▸ **Try it**
Below is a listing; retype exactly the lines between the one containing "OH license plate GKA7665" and the one containing "Gleerainbow铜花卉丝巾扣高端", inclusive, minus the pictures.

▸ **Input records**
-=-=-=-=-

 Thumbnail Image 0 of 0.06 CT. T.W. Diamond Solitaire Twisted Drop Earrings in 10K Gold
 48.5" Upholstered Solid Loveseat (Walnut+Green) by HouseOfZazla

-=-=-=-=-

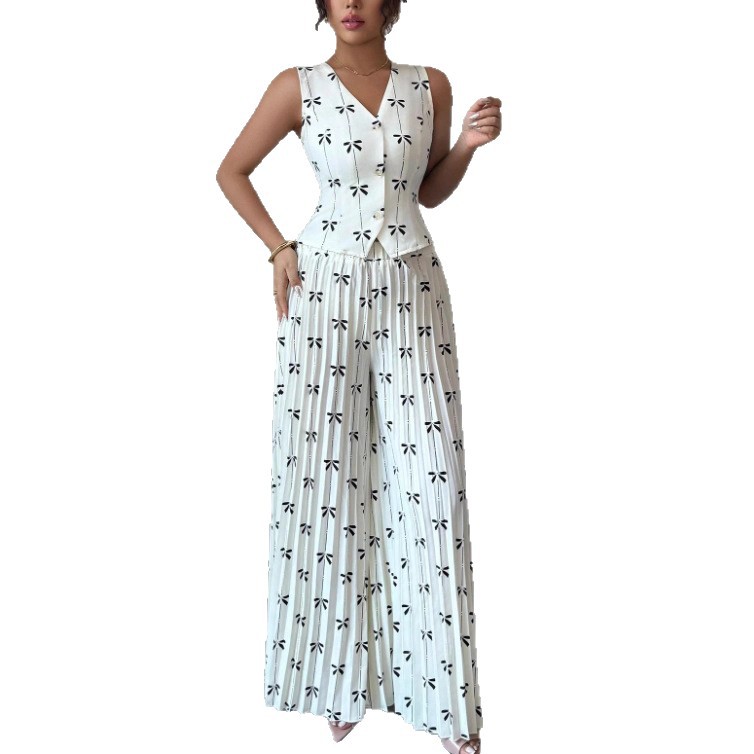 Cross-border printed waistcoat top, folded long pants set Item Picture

-=-=-=-=-

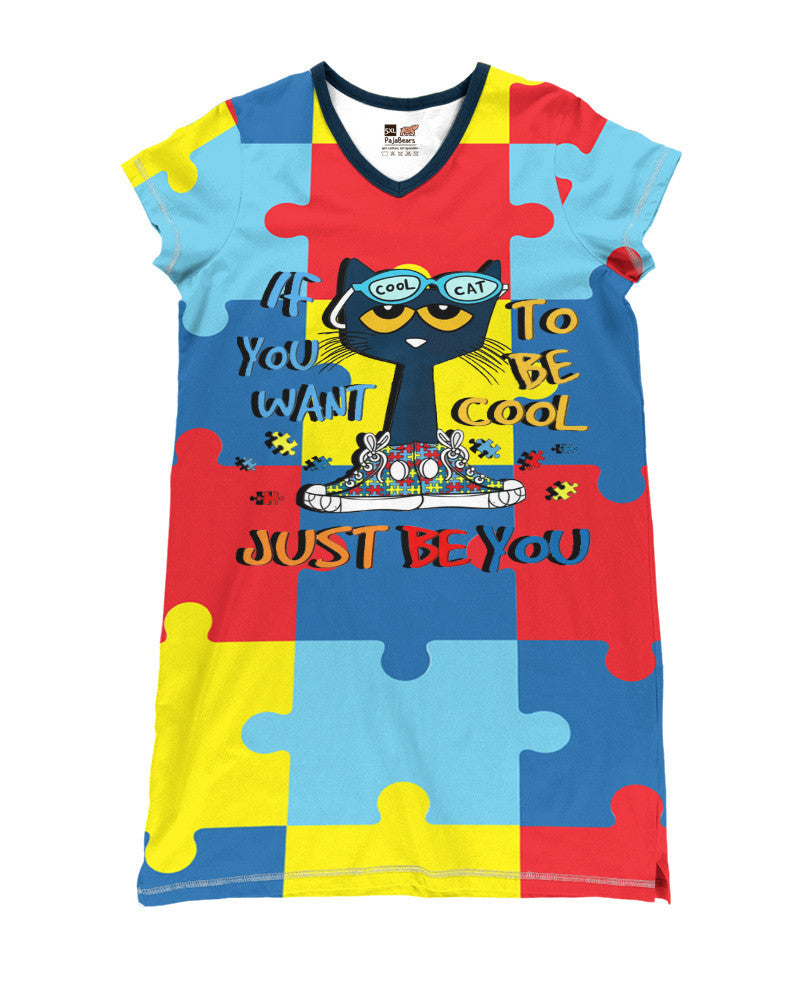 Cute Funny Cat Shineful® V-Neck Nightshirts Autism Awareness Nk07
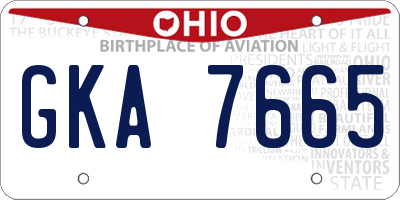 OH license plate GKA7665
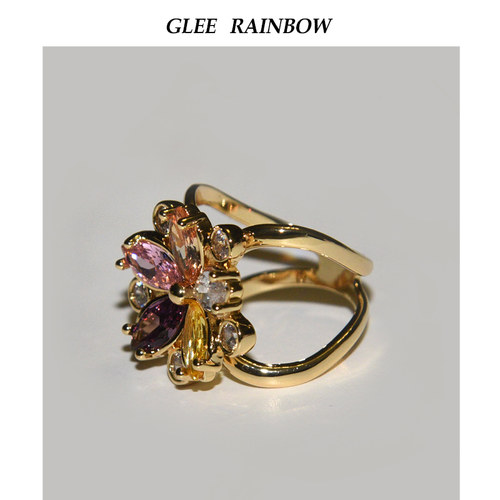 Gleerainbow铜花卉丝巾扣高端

-=-=-=-=-

▸ **Result**
 OH license plate GKA7665
 Gleerainbow铜花卉丝巾扣高端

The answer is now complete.